Тогда же я выбрался в дальний костел, стоящий почти за городом, обычно даже по праздничным и воскресным дням пустовавший. Сонно в нем было, неприютно, словно господь бог его обошел стороной, разве что бог — это и мышь-полевка, и галка, склевывающая со скамеек крошки, и крыса, изувеченная кошачьими когтями, отлеживающаяся посреди солнечного пятна на каменных плитах пола, в ризнице, и воробей с выдранным хвостом, черный от сажи. Впервые я отправился туда один, без Матильды, чтобы помолиться, а вернее, посутяжничать с богом.
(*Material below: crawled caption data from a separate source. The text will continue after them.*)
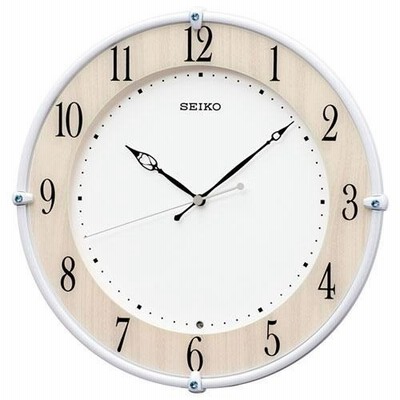 セイコー(SEIKO) KX242B スタンダード掛け時計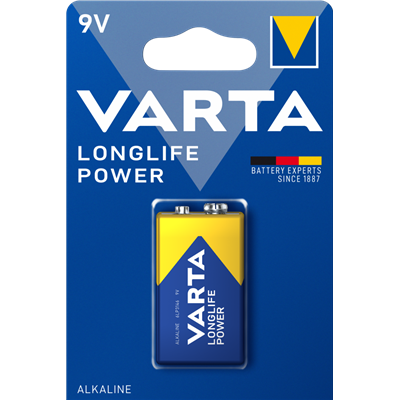 VARTA - Pile 6LR61 High energy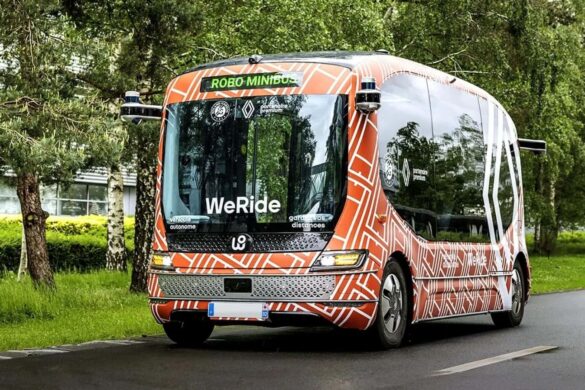 Il futuro del trasporto pubblico: i miniBus autonomi di Renault e WeRide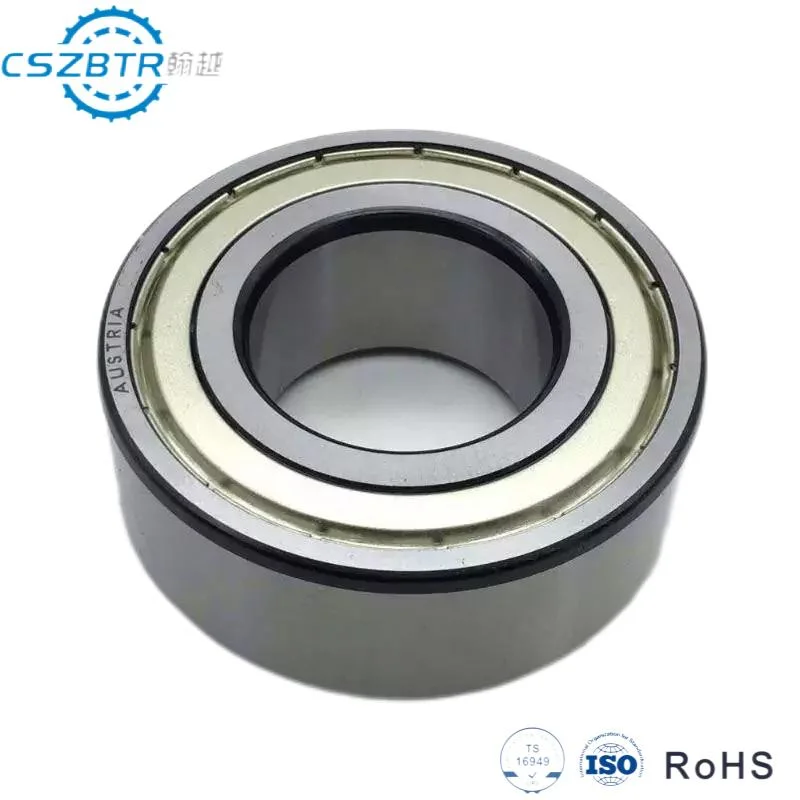 75X130X44.1mm Japan Brand Double Row Angular Contact Ball Bearing 3215 5215 3215A 3215A-2RS/RS/2RS1 3215A-2z/Z Bearing China Manufacturing Price Ball Bearing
Ибо заметил, что временами во мне еще сами собой поются псалмы, коляды, богородичные песни, припевки луговые и полевые, из-под серпа и косы, мокрые от росы, от моросящего без передышки дождя, заваленные снегом, схваченные морозом, льдом, тоненьким, как предсмертный вздох. Никак я не мог справиться с ними. Словно у них был собственный рот, вольный язык, свои ноты, расписанные на невидимых, подвешенных прямо к небесам нитях: пели и пели во мне, хотя я не раскрывал рта и о них не думал. Нередко частица моего существа отправлялась на гулянки, где пела разухабистые частушки, лихо отплясывала все подряд: обереки, польки. Другая частица рядилась в тура, черта, ангела со звездой и ходила от хаты к хате по рыхлому снегу, по скрипучему морозцу, по скованной льдом замирающей речке, колядовала, пугала девок, бодала, щипала куда придется, тискала по углам, подбиралась к губам, к сладости, запрятанной в лифчик.
Я стоял на коленях перед алтарем, где кровоточил прибитый к кресту невзрачный Христос, и говорил ему:
— Забери себе эти нескладные, наспех склепанные песни, вынь их из меня, из моей головы, из памяти, из сновидений. Напрасно ты их на меня напускаешь, травишь меня ими напрасно. Не искушай, прошу, видениями коляд, гулянок, престольных праздников, полей, белых от спелого жита, весенних лугов, согревающихся под неглубокой, широко разлившейся водой, родящей лягушачью икру, пиявок, калужницу и белую, тягучую, как скисшее молоко, обвивающееся вокруг деревянной ложки, траву.